Seperti dikemukakan sebelumnya bahwa salah satu tugas BPPT adalah menunjukkan bahwa teknologi dapat menjadi motor utama dalam peningkatan daya saing, dalam konteks peningkatan produktivitas. Untuk itu penelitian ini penting untuk mengembangkan konsep bagaimana teknologi berperan dalam pengembangan wilayah. Penjabaran konsep daya saing dalam perspektif teknologi dilakukan dengan melakukan identifikasi indikator-indikator yang menentukan daya saing suatu wilayah. Hasil dari kajian ini menunjukkan terdapat dua kelompok indikator utama yang mempengaruhi daya saing wilayah dalam perspektif teknologi, yaitu kemampuan teknologi dan iklim teknologi.
[1] Lihat dalam Alkadri, dkk, 2001, “Manajemen Teknologi untuk Pengembangan Wilayah” (Ed. Revisi), P2KTPW –BPPT, Jakarta.
Pengolahan Data
Data yang telah terkumpul setelah dilakukan validasi kemudian diolah menggunakan metoda analisis faktor pada masing-masing kelompok indikator. Metoda analisis faktor merupakan suatu teknik untuk menstrukturkan data. Penstrukturan data tersebut dilakukan dengan cara mengelompokkan data asli berdasarkan keeratan hubungan masing-masing variabelnya dalam kelompok yang sama. Keeratan hubungan tersebut didasarkan pada korelasi antara satu variabel dengan variabel yang lain.
Tujuannya analisis faktor ini adalah mereduksi (mengurangi) jumlah observasi yang banyak dengan cara mengelompokkan observasi berdasarkan kesamaan informasi variabel yang dikandung oleh observasi tersebut. Selain itu juga mereduksi perbedaan satuan pengukuran antarvariabel. Hasil akhir dari analisis ini adalah urutan dari observasi yang memiliki nilai tertinggi sampai terendah. Sebuah observasi memiliki nilai tertinggi dianggap lebih banyak memiliki informasi di dalam variabel-variabelnya, dibandingkan dengan observasi lainnya.
Metode analisis faktor juga berfungsi untuk menghilangkan pengulangan dari sekumpulan variabel yang saling berkorelasi dengan menunjukkan atau mengganti variabel-variabel tersebut dengan sekumpulan variabel yang lebih kecil yang dihasilkan. Sekumpulan variabel yang lebih kecil tersebut disebut sebagai faktor.
Selanjutnya diperoleh hasil nilai loading factor yang dipakai untuk menentukan indeks atau peta peringkat daya saing antar kabupaten/kota.

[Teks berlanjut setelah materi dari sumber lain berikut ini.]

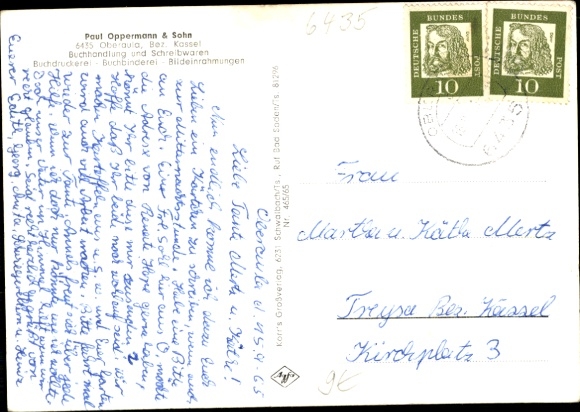 Postcard Oberaula in Hessen, Knüll, partial views, swimming pool, half-timbered houses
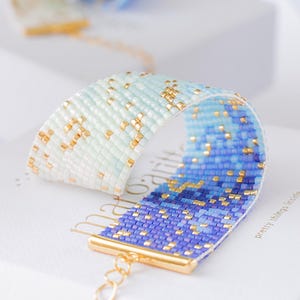 Patrón de cuentas Ombre Loom, patrón de pulsera Miyuki, patrón de punto ladrillo, pulsera de cuentas de semillas violeta y menta - Aurora imagen 3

Peta peringkat ini memperlihatkan posisi daya saing suatu daerah relatif terhadap daerah lainnya, berdasarkan dua kelompok indikator utama dengan variabel-variabel pembentuknya.
Untuk memperoleh indkator daya saing wilayah secara keseluruhan adalah dengan menjumlah nilai dari masing-masing loading factor dibagi 2, dengan asumsi bahwa bobot dari kedua indikator utama adalah sama besar.
Dengan demikian akan diperoleh peta peringkat daya saing wilayah dalam perspektif teknologi untuk kabupaten dan kota se Jawa-Bali, berupa peta peringkat daya saing wilayah secara keseluruhan dan peta peringkat daya saing wilayah dari masing-masing kelompok indikator utama.
Hasil dan Pembahasan
Pembahasan pemeringkatan daya saing wilayah dalam perspektif teknologi ini dapat dilihat dari dua hal: Pertama, akan dibahas pemeringkatan secara keseluruhan; Kedua, pemeringkatan setiap provinsi.
Pemeringkatan Keseluruhan (119 kab/kota)Dari 119 kabupaten/kota yang dikaji, secara umum rata-rata indeks daya saing kota lebih tinggi daripada kabupaten. Hal ini juga ditunjukkan oleh masing-masing indeks kemampuan teknologi maupun indeks iklim teknologi.